- [Provided information]
Segment Open

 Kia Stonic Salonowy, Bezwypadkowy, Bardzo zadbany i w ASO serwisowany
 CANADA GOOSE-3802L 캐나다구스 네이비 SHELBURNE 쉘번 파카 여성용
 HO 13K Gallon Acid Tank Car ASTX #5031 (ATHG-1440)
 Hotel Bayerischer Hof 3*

Segment Closed
Segment Open

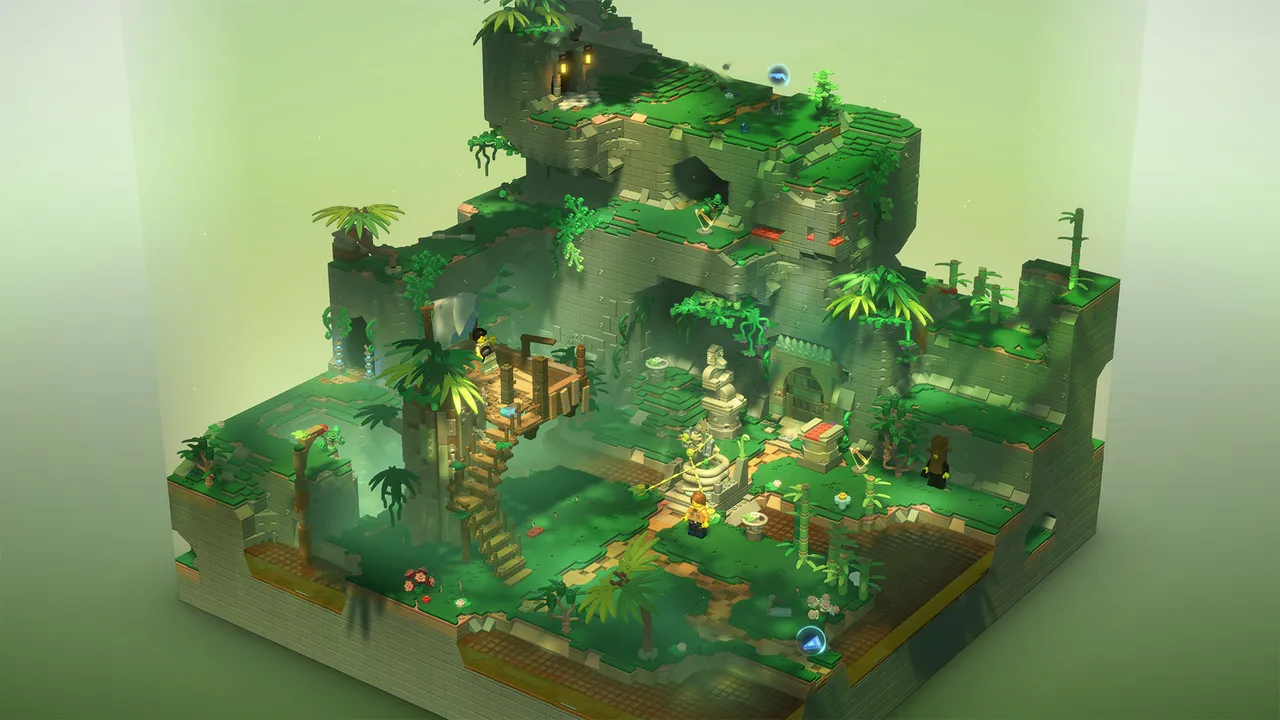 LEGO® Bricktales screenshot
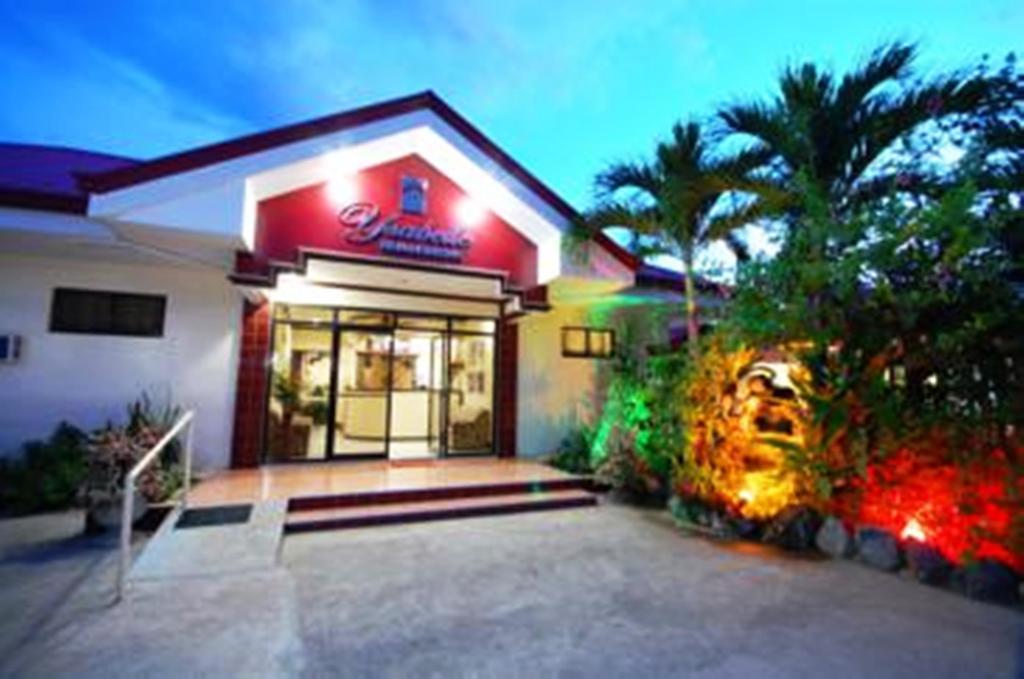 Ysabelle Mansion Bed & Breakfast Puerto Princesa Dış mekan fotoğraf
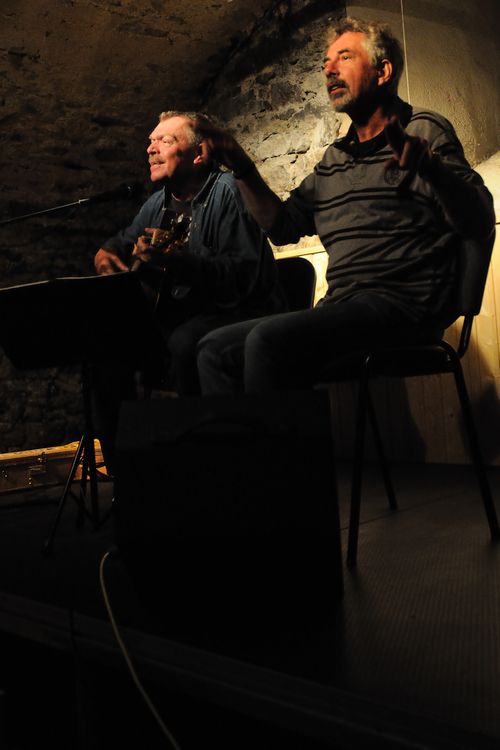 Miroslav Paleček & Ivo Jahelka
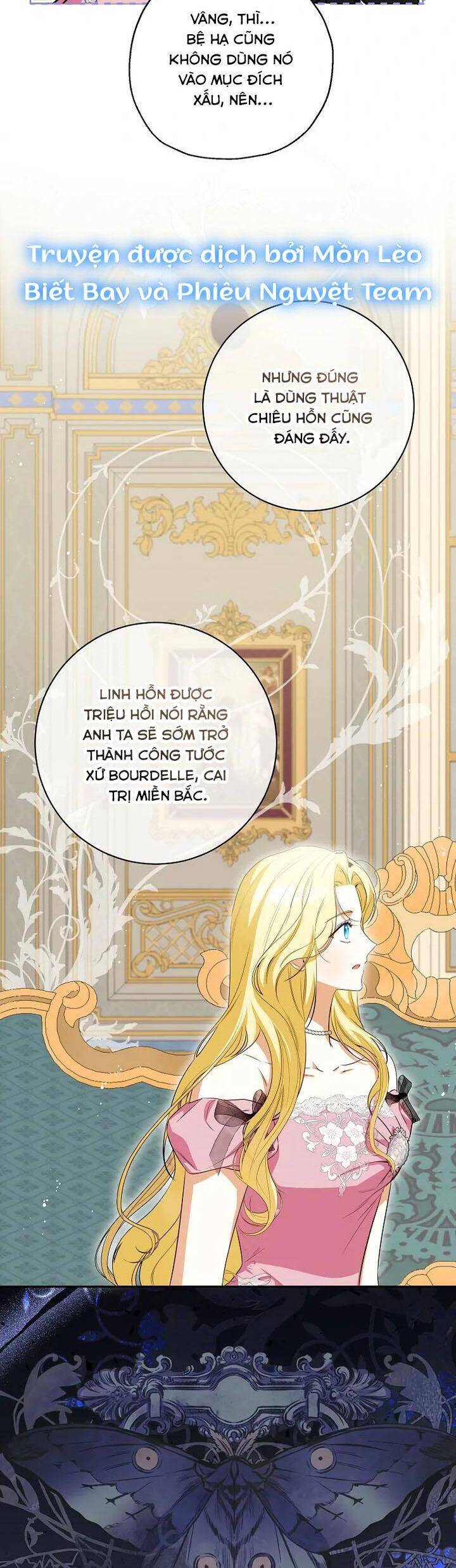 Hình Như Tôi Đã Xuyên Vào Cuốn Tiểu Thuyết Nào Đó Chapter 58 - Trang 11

Segment Closed
Segment Open

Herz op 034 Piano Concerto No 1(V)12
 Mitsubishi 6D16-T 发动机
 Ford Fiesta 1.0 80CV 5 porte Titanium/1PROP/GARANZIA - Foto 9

Segment Closed

- [Activity]
Look back at the data above. Transcribe exactly the lines starting at the line that contains "Herz op 034 Piano Concerto No 1(V)12" and ending at the line that contains "Ford Fiesta 1.0".

- [Output below]
Herz op 034 Piano Concerto No 1(V)12
 Mitsubishi 6D16-T 发动机
 Ford Fiesta 1.0 80CV 5 porte Titanium/1PROP/GARANZIA - Foto 9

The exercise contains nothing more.